!lm12
!rm75
Super Scroller.................................Jeffrey Scott
                                            East Norwalk, CT

I am a manager of a software department in a company that makes computerized money counting equipment (6502 based).  We have two programming departments:  one which is called "applications" (Pascal and BASIC only) and another called "software engineering" where we use assembly language.

We use the S-C Macro Assembler after having sampled all others.  And in fact, with my Apple II, 5 Mbyte hard drive, and 3.6 MHz "Number Nine 6502" plug-in board, I can assemble a 300-page source program in about 2.5 minutes!

I love the Apple II, but I don't like being tied to an operating system that I didn't write myself.  I use RWTS, but for the rest I use my own code.

I remember one day trying to output to the screen while receiving at 2400 baud.  The Apple monitor's scroll was so slow that I lost the first few characters from the front of every line.  While writing my own substitute scroll routine, the idea was born that the absolute fastest scroll would be straight in-line code:  one "LDA $xxxx...STA $xxxx" pair for each byte on the screen.

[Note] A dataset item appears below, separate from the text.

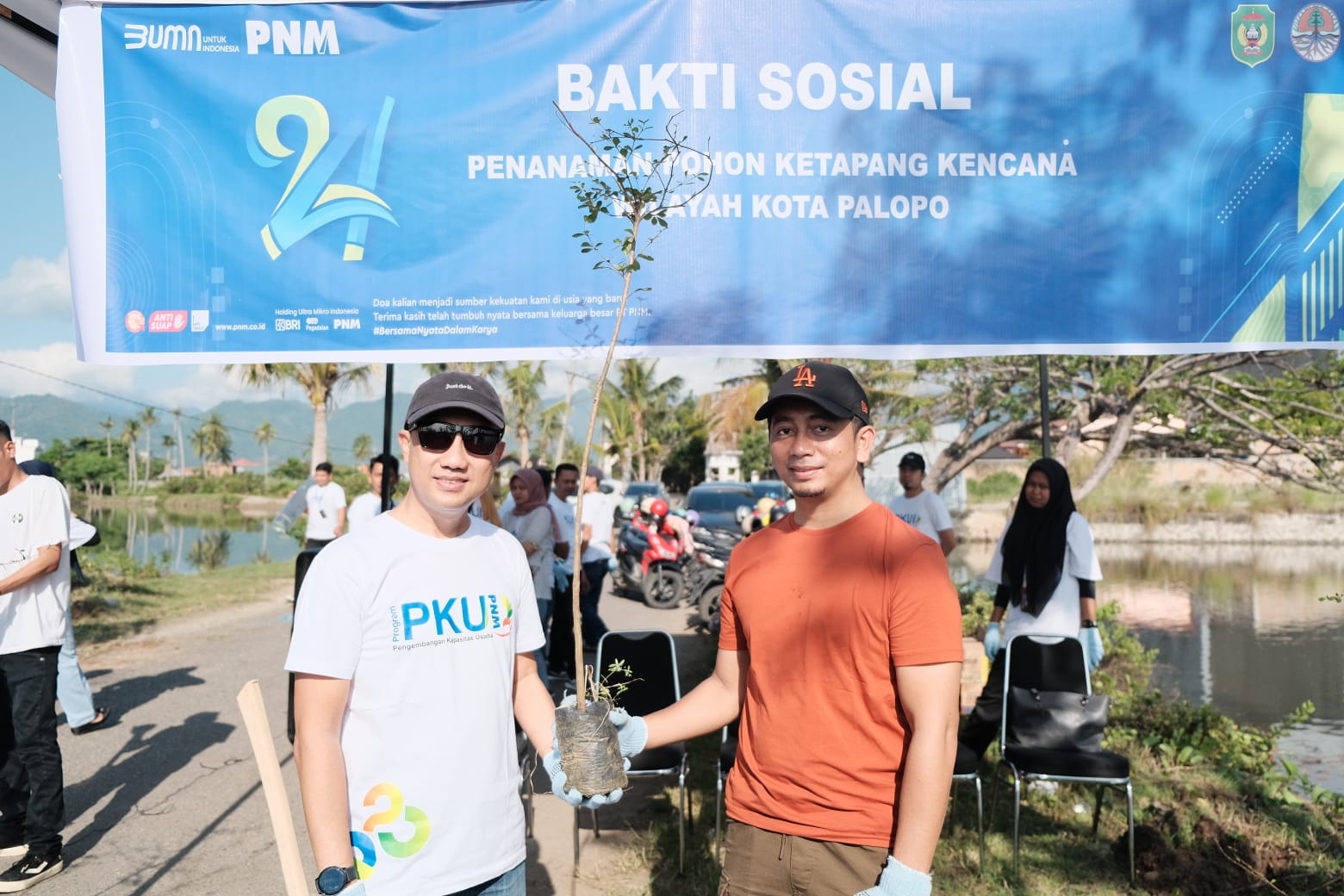 PNM Cabang Palopo Gandeng Dinas Lingkungan Hidup Hijaukan Pesisir Pantai Labombo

Just for fun, I wrote the following program, which generates the 960 LDA-STA pairs to scroll the whole screen!  The generator program is only 145 bytes long, but it "writes" a program 5521 bytes long!

This "Super Scroller" is not for everyone...it requires a spare 5521 bytes ($1591) of memory somewhere.  If you do, you need only equate "PGM.START.IN.RAM" to your available area, call "PGM.TO.WRITE.SCROLLING.PGM", and then you can call the Super Scroller at "PGM.START.IN.RAM whenever you need it.

Since the scroller can be generated whenever it is needed, it can be part of an overlay environment.  You only need a 5.5K buffer available at the right times.  At other times the same memory can be used other ways.

To illustrate the speediness of Super Scroller, I wrote a memory dump whose output is the same as the Apple monitor memory dump.  It is set up to display from $0000 through $BFFF.  With Super Scroller, it takes only about 51 seconds; without, it takes 2 minutes 57 seconds (over three times longer!).

Someone might object that I did not clear the bottom line after scrolling up.  I elected to just write a fresh bottom line, and clear to the end of line after the last new character is written.